I was going to do a really large list while away for the day, but I don't want to get pegged while gone so I'll save that for another time.

cdubz · 2017-07-02T01:27:15Z

Here are some more smaller runs. I'll try a larger list tonight as well -

Test 6 (500 IPs, rate_limit_timeout=30)

Test 7 (500 IPs, rate_limit_timeout=10)

Test 8 (500 IPs, rate_limit_timeout=10, socket_timeout=20)

Test 9 (1,000 IPs, rate_limit_timeout=10, socket_timeout=20)

Test 10 (2,000 IPs, rate_limit_timeout=10, socket_timeout=20)

Not seeing much difference with the LACNIC failure rates.

secynic · 2017-07-02T05:26:01Z

Thanks, this is really helpful. I will go through what you have attached. I didn't expect much with improving the LACNIC failures, other than increasing the retry count.

The CPU utilization is definitely a concern. I know Python likes to utilize as much as possible. Could you provide some system stats (CPU, mem, OS)?
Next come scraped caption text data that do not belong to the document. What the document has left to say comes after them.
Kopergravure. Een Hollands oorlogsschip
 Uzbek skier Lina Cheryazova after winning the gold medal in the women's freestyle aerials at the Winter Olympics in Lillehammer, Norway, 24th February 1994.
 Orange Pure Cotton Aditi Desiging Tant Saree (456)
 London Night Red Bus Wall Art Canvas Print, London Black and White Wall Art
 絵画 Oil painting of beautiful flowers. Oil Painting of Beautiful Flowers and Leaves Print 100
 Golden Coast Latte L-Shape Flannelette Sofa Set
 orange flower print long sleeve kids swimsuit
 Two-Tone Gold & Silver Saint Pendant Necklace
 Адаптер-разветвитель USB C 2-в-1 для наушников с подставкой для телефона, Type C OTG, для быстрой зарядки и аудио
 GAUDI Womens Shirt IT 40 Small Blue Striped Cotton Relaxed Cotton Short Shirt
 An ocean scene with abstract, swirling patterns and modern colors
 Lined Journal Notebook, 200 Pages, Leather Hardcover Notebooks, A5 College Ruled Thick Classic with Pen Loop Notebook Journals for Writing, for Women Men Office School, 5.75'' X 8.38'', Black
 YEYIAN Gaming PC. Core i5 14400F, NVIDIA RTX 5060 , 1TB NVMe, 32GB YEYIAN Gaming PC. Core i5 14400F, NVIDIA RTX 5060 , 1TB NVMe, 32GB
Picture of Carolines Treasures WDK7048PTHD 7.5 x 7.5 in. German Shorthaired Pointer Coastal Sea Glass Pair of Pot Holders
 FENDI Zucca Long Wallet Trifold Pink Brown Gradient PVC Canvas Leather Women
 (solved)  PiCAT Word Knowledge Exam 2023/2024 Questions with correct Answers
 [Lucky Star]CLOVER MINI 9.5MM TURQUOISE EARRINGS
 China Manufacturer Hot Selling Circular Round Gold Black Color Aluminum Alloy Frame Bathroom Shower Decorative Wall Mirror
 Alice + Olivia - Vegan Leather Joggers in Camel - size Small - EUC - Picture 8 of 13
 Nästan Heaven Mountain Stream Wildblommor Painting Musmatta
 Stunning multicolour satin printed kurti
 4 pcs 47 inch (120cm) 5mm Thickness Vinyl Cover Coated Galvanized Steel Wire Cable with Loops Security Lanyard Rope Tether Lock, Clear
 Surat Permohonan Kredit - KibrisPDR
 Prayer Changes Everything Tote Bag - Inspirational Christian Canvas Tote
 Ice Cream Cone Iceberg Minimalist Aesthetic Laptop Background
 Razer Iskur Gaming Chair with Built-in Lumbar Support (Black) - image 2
Was it frozen, or just pegged at 100% for a bit?

cdubz · 2017-07-02T10:59:04Z

One core was pegged at 100% and it was like that for at least 20 minutes or so before I got to it. Didn't appear to be frozen. It seemed like an infinite loop problem but I wasn't able to figure that out for sure. It was running on a pretty powerful machine - Core i5-4670K, 16GB memory, Linux Mint 18.1.

Crazily enough, it appears I have just reproduced it with another large set. About eight hours ago I kicked off a set of 50,000 IPs (haha) and it only made it through about 8,000 (because of the LACNIC delays). But it was still running until right this moment, when it is has pegged a core at 100% again! This is with a different computer (laptop) - Core i3 M370, 8GB memory, Ubuntu 16.04.2. Interestingly, the pegged core changes from time to time.

Seems to point to the same line, experimental.py@L263 but again I'm not sure how to uncover much more than that.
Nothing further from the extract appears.